Ormond Beach to Orlando, FL

August 11, 12 & 13.

From Ormond Beach we turned back inland to head to Orlando.  In Orlando, we have the Central Florida Fuller Center and we will be working with them.  We stayed in the First United Methodist Church in Orlando.  On the way there, we rode a long stretch of highway called Tomahoka Farms road and I saw signs saying “keep Tomahoka rural”.  But after crossing the country and seeing so much of rural America emptied of businesses, I wonder about this dream and ideal.  I have spent much of my life in rural areas; rural America instills a strength, devotion to family, and commitment to neighbor that is hard to beat.  But agricultural jobs are fewer and fewer, and there aren’t a lot of other local job opportunities in those rural areas to choose from.  It’s appalling to visit a town and see one business open along a street full of shuttered businesses.

In Craig, CO we learned, from a local real estate agent, that her business really picked up after Donald Trump was elected as president because they are in an area which still has abundant coal resources—enough to supply the local coal-fired power plants for another fifty years.  The local plants have just been upgraded with emission controls to meet EPA standards.  Coal may still be viable there, but employment in the coal industry nationwide has declined for decades.  The perception that Trump was pro-coal and Clinton was anti-coal was the deciding factor for them.  Most solutions to problems will have to be local, but we also need to learn compassion for people whose situations are different from our own.  It is too easy, in our modern age, to almost totally insulate ourselves from people whose lives are different from our own.
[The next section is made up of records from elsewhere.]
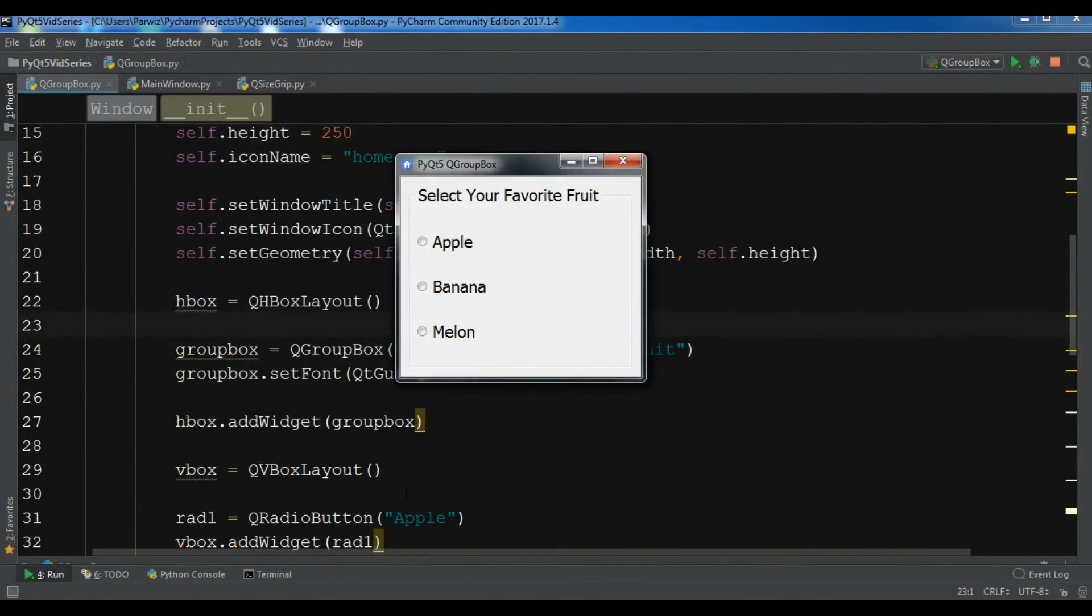Hello Youtubers, I am Parwis and this is our 15th video in PyQt5 GUI application development. In the previous video we have learned how you can create group box in PyQt5.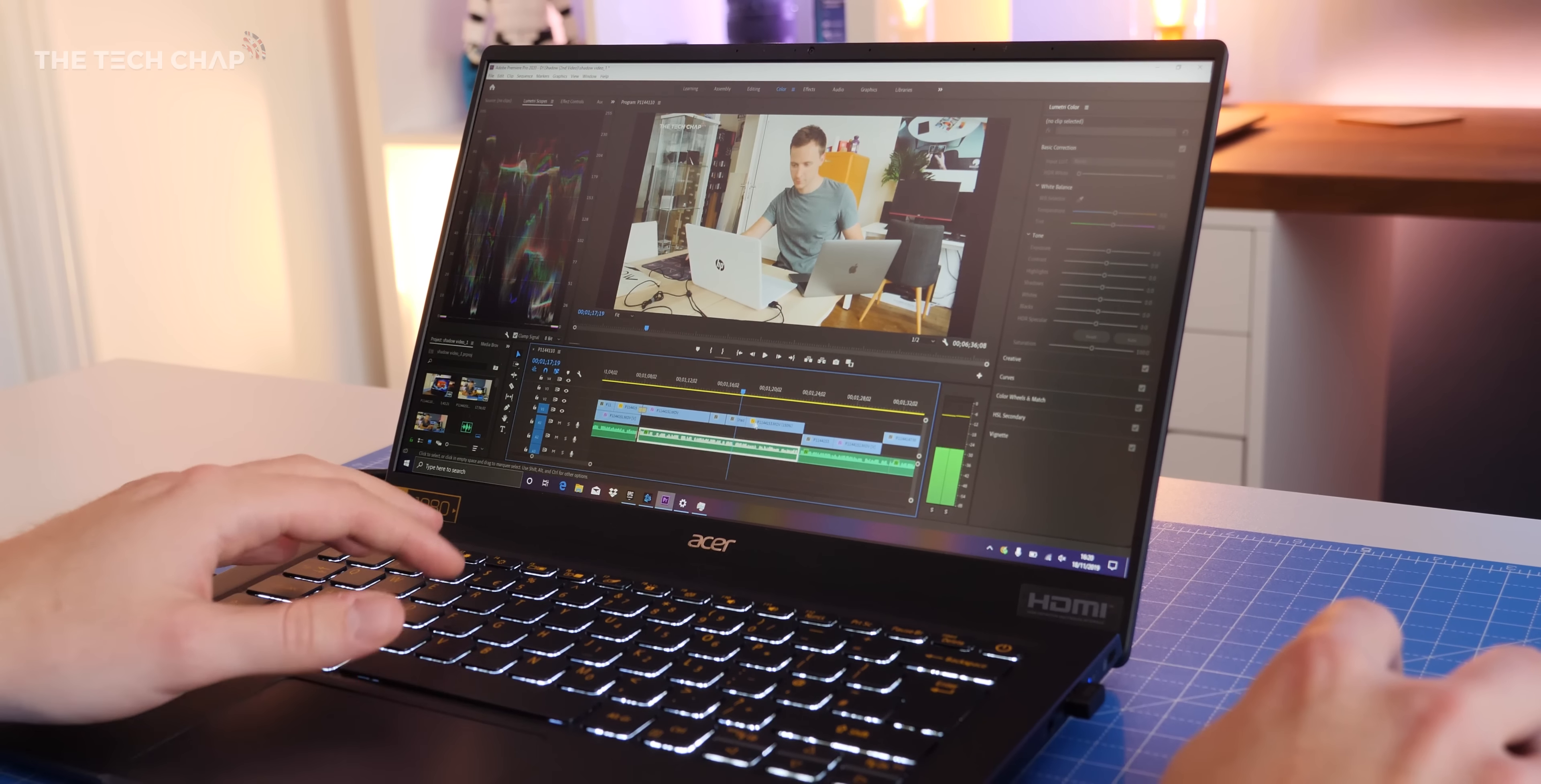If you want to find out more, I've put links in the description below. But what do you reckon? Would you go for something like this or prefer a slightly heavier laptop that feels more premium? Let me know in the comments. Thank you so much for watching, I hope you enjoyed the video, and if you're not sick of hearing my voice, why not click that subscribe button below. Hopefully I'll see you next time right here on The Tech Chap.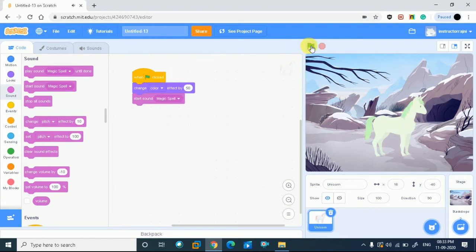This will show the story change in the color. This is a magic spell. You can see the changes in the color of this unicorn. You're finding it interesting, right?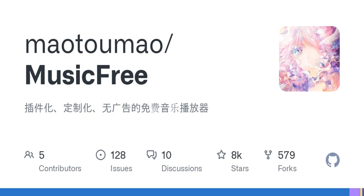Support: if you like this project and want it to be continuously maintained, you can support it by starring the project and sharing it with others. Follow the official WeChat account or Bilibili channel for the latest information. Credits: thank you to the recommendations from fellow enthusiasts. Change log: link provided.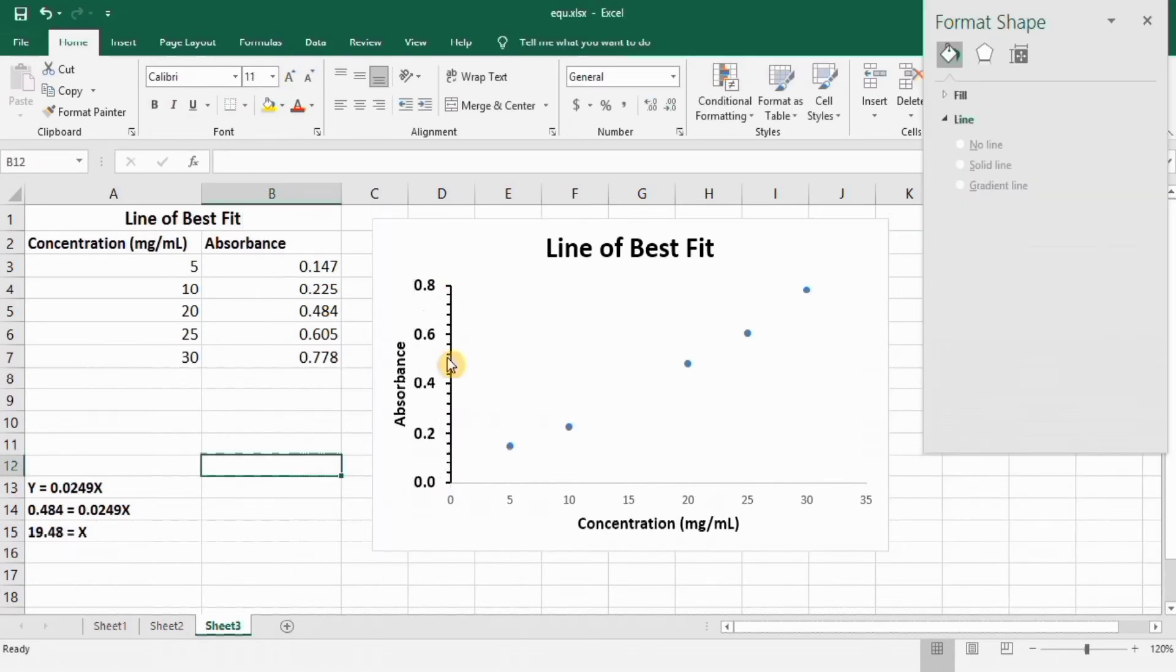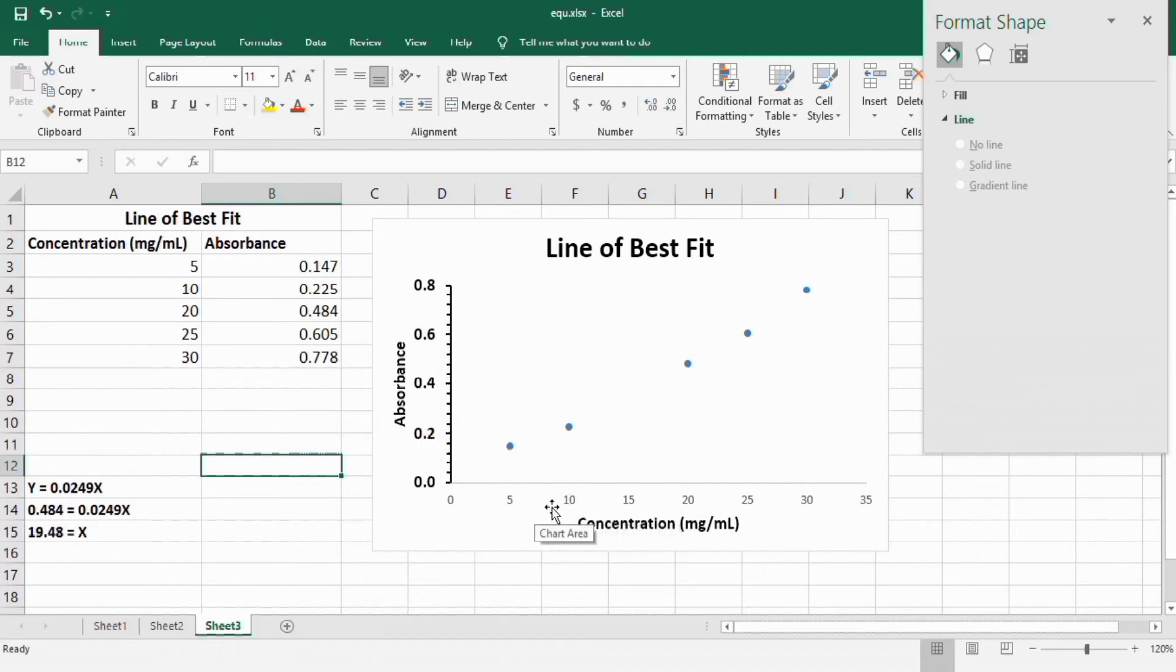You can use similar method to edit this axis, so I will not edit this axis. I will go to the marker option.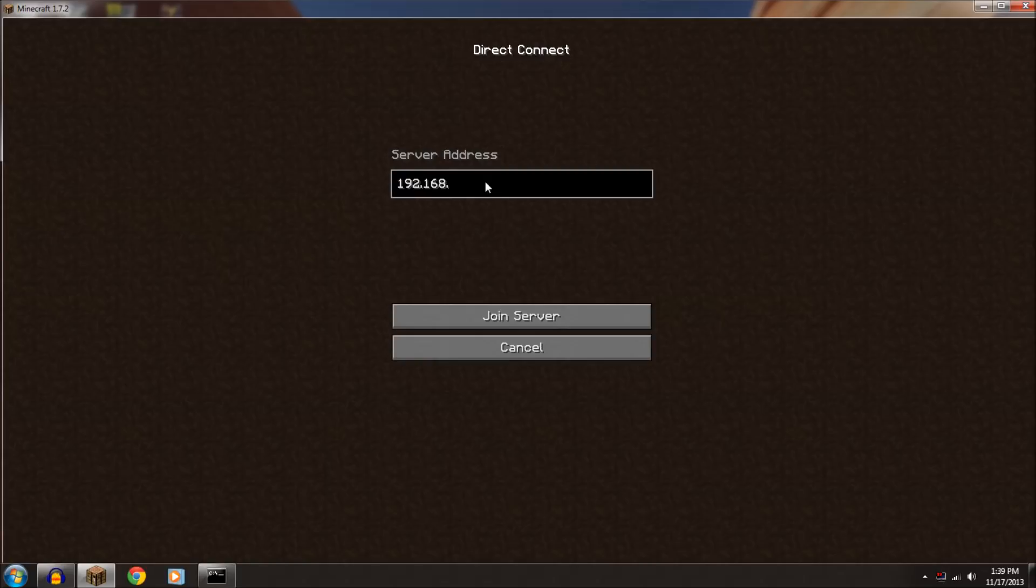And then I'll just give an example, .2, and then colon, and then whatever was on the chat. So 50287 I think was on the chat. So then that's how you connect.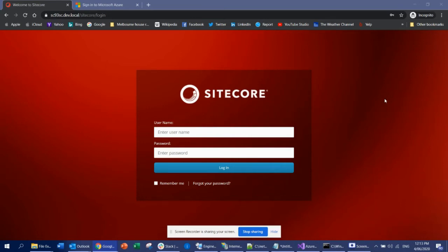Hi guys, this is Arit from TechShare. So last video I showed you how you can configure Sitecore to use Azure AD as your provider to log into Sitecore. I used the approach of using Sitecore Identity Server to do that. But today, what if people don't have Sitecore Identity Server? They can turn off the Identity Server as well. So in that scenario, how are you going to approach that implementation?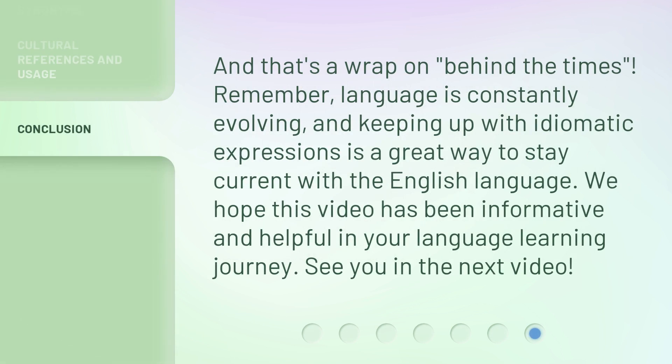And that's a wrap on 'behind the times.' Remember, language is constantly evolving, and keeping up with idiomatic expressions is a great way to stay current with the English language. We hope this video has been informative and helpful in your language learning journey. See you in the next video.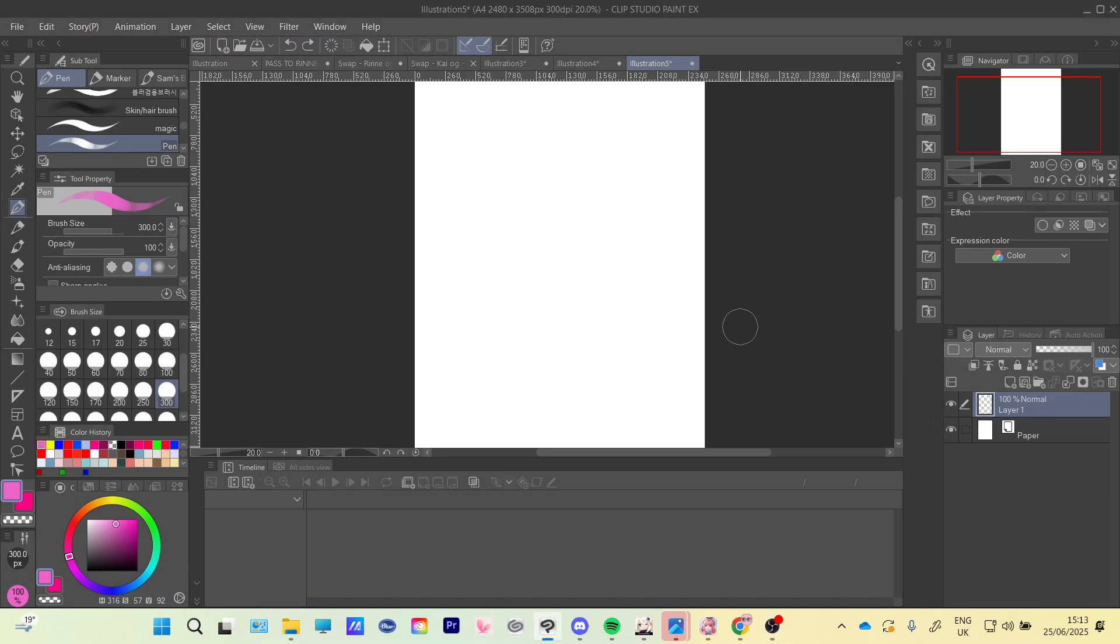Hello everyone, welcome back to another video. Today I will show you how to clip layers in Clip Studio Paint.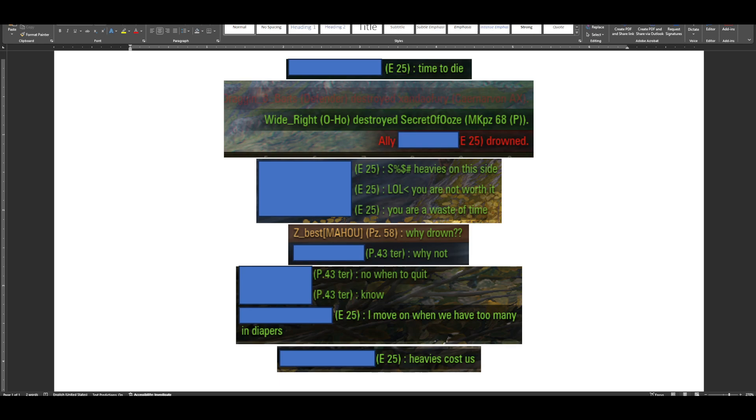He continues to rant in chat, and then I ask why drowned, and he ends up having someone actually support them with their decision, saying know when to quit. That rubs me the wrong way, but that's beside the point. Anyway, E25 continues saying that the heavies are bad, etc.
In Savannah, we happened to be at church when the church was saying goodbye to a family that was going to travel through the US in an RV for the year.  He had a job in which he could work from home, and she is a teacher who is going to home-school their three girls.  Since I have felt called by God to go on this bike ride, it truly made me wonder what God is up to.  This couple wanted to show their girls the beauty of the natural world, and also meet people around the country.

Back to Florida—this was the one day when I had problems with sore knees.  It surprised me.  I’ve been through the mountains without any knee problems!  But my knees were bothering me enough that it was totally throwing me off my game, so I did not ride the entire distance to Orlando.

In Orlando, we were able to have dinner with the local Fuller Center board and people from the First United Methodist Church.  The next day was a work day, painting a house that belonged to Helen.  Helen was an interesting person—full of joy!  She was a widow, and in a wheelchair.  When she got the wheel chair, her house wasn’t accessible but she lived there anyway.  She was active in her church and she helped her neighbors, even taking in a couple of extra residents into her house.  Her bathroom was inaccessible to her, so she used a bedside commode and then, to bathe, she rigged up an outdoor shower area for herself.  She would put the hose in the sun to warm up the water and bathe behind a tarp in the carport.  One tough lady!  So the Fuller Center of Central Florida made her bathroom accessible and made a couple of wheel chair ramps so she could use both doors of her home.  We were merely painting the outside.  Her church came out and fed us lunch.

Sunday was a day off.  Quite a few went to one of the Disney parks, but I decided to visit my nephew, Kris.  We had a great time and it was also relaxing—much more relaxing than spending the day at Disney World.

Across the street from the Methodist church was a statue of Homeless Jesus which I found moving.